OUR INSIGHTS AT A GLANCE
- The Court of Justice of the European Union provided some clarifications on the VAT deduction right of a holding company regarding input VAT borne for the acquisition of shares in a subsidiary in case the share deal is never completed.
- The CJEU decided that the intention to provide management services to a takeover target is, under certain conditions, sufficient to establish that a potential acquirer is engaged in an economic activity.
- The CJEU also ruled that input VAT must be considered as fully deductible to the extent the exclusive reason for the expenditure incurred is the intended VAT taxable economic activity.
- This case law is of prime importance for Luxembourg holding entities.
On 17 October 20181, the Court of Justice of the European Union ("CJEU") ruled that VAT incurred by a holding company on costs borne for the acquisition of shares in a subsidiary to which it intends to provide VAT taxable management services is fully deductible, even if ultimately these services are not rendered due to an unsuccessful share deal.
Facts and questions referred to the CJEU
In 2006, Ryanair launched a takeover bid for all the shares of the Irish airline Aer Lingus. In that framework, the airline incurred various advisory costs subject to VAT linked to the planned acquisition. Although the takeover was not fully carried out, Ryanair sought the deduction of the input VAT incurred stating that it was its intention to provide VAT taxable management services to Aer Lingus following the expected share deal.
The tax authority denied the VAT deduction considering the fact that Ryanair did not provide management services in the case at hand. Ryanair brought an appeal to the Supreme Court that referred certain questions to the CJEU.
Decision of the CJEU
As a first step, the CJEU was requested to determine if the intention to provide management services to a takeover target, in the event that the takeover is successful, is sufficient to establish that a potential acquirer is engaged in an economic activity. The CJEU replied in the affirmative, confirming that a company which carries out preparatory acts which are part of a proposed acquisition of shares in another company with the intention of pursuing an economic activity consisting in involvement in the management of that other company by providing management services subject to VAT must be considered a taxable person. Nevertheless, that intention to provide VAT taxable management services has to be confirmed by objective elements.
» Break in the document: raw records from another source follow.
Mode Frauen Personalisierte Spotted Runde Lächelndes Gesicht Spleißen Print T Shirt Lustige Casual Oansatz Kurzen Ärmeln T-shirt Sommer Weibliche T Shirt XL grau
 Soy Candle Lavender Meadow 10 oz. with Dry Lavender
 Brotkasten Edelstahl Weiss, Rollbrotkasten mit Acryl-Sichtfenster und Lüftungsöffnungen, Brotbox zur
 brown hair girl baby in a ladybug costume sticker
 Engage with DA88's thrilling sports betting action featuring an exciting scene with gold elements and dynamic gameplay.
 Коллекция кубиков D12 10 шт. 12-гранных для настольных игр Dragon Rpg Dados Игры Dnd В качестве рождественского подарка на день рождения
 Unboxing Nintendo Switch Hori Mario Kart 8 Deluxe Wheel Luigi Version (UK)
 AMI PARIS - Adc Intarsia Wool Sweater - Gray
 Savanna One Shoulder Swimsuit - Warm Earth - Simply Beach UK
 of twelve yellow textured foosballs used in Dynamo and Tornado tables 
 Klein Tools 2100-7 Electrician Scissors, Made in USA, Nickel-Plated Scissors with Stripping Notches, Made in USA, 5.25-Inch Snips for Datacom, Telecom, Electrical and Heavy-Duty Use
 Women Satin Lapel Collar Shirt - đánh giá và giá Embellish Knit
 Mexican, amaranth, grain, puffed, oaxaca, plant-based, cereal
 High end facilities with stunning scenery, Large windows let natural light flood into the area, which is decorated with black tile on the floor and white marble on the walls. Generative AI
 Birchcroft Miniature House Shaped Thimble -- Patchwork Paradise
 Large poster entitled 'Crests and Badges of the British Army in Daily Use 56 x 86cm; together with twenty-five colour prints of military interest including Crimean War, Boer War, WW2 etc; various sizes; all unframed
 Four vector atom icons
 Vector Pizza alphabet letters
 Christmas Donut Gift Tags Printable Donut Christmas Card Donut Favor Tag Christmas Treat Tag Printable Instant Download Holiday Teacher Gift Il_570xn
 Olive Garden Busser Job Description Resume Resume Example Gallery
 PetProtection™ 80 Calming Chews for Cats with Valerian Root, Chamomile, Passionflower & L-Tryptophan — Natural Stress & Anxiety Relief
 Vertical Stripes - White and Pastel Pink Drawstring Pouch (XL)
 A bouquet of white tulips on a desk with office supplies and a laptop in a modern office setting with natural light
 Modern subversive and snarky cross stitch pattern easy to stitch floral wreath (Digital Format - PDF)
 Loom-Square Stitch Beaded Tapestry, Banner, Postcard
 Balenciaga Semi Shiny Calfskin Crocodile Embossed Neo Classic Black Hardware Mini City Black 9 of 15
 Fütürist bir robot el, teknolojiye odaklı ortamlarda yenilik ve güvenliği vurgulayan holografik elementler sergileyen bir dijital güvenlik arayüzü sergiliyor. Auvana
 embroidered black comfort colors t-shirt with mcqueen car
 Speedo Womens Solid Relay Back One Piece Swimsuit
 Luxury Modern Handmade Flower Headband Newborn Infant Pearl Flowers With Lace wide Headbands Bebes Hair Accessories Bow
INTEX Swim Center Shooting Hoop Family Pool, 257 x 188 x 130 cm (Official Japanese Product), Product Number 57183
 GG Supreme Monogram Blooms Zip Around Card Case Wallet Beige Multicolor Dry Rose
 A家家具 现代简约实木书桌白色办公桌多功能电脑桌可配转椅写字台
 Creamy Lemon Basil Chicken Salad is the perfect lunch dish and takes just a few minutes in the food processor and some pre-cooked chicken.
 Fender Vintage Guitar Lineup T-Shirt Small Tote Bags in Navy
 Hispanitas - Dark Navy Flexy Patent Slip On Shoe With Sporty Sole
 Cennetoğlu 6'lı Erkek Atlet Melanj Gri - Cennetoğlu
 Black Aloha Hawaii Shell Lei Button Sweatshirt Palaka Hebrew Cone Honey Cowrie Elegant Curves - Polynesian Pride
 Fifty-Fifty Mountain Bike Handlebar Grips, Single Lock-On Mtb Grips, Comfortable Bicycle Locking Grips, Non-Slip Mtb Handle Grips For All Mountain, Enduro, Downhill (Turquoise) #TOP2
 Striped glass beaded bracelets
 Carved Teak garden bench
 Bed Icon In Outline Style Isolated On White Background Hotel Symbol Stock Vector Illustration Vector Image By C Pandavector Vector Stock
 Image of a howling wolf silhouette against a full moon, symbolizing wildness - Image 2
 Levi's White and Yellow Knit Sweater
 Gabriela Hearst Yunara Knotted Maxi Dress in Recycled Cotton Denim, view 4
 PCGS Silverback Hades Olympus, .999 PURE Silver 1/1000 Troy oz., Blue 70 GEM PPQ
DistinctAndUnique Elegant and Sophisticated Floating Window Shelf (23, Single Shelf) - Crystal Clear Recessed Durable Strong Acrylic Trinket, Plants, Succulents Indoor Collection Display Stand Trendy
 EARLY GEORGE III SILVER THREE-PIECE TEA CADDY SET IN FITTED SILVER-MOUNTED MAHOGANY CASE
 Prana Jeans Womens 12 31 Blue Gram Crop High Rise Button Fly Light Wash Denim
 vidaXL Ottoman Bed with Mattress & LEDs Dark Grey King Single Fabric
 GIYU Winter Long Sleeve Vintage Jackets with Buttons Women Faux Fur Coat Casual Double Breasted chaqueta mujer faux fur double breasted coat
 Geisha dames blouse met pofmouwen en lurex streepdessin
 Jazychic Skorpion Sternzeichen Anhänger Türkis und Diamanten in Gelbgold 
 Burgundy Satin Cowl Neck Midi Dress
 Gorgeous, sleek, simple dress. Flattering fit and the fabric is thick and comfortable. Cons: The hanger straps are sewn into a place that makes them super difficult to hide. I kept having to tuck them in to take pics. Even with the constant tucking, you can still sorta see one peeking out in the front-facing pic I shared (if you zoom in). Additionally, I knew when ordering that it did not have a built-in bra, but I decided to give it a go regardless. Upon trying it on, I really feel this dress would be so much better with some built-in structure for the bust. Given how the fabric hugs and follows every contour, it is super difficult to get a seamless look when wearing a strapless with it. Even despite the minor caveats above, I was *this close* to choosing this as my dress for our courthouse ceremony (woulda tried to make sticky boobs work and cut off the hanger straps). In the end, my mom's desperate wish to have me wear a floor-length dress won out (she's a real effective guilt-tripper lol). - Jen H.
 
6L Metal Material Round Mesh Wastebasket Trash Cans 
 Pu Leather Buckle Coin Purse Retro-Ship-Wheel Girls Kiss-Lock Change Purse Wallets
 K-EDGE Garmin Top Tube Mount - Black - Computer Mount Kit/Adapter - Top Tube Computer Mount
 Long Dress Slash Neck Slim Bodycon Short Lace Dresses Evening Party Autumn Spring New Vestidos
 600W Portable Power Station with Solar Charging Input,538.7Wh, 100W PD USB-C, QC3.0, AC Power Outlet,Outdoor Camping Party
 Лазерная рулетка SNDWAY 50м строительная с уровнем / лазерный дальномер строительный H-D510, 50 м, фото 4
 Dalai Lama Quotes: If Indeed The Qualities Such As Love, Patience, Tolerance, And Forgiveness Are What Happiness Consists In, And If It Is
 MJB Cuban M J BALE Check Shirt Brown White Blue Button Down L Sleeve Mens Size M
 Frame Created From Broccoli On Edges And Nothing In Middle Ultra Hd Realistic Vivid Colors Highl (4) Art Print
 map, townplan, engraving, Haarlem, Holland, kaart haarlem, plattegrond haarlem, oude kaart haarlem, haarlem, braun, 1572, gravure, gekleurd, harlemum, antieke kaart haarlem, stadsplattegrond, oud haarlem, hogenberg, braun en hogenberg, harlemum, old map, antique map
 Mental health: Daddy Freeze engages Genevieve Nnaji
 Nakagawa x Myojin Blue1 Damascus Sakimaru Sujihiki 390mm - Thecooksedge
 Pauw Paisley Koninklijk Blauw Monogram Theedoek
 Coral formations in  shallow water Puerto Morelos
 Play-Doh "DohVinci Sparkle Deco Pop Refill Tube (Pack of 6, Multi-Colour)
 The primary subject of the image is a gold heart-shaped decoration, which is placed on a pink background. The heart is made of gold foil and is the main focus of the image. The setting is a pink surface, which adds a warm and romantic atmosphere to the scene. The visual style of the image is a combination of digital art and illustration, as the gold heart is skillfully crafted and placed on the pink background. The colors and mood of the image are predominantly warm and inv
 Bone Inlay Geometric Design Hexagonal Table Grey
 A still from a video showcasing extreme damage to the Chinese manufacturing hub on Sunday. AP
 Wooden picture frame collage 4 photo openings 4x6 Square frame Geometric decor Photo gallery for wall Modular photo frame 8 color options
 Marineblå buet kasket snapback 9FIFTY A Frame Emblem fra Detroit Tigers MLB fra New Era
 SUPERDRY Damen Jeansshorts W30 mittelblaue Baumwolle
The subsequent question aimed at determining whether the input VAT incurred by a potential acquirer on services received for the purposes of seeking to progress the relevant acquisition can be considered as linked with the future VAT taxable management services and therefore as being deductible.
The CJEU ruled that Ryanair is entitled to deduct input VAT even if there is no direct and immediate link between the services received and output transactions giving rise to deduction to the extent that the costs of the services in question are deemed to be part of its general costs and are, as such, components of the price of the goods or services which it supplies. Therefore, such acquisition costs do have a direct and immediate link with the taxable person's economic activity as a whole and input VAT must be considered as fully deductible to the extent the exclusive reason for the expenditure incurred must be found in the intended VAT taxable economic activity, namely the provision of management services subject to VAT to the target company.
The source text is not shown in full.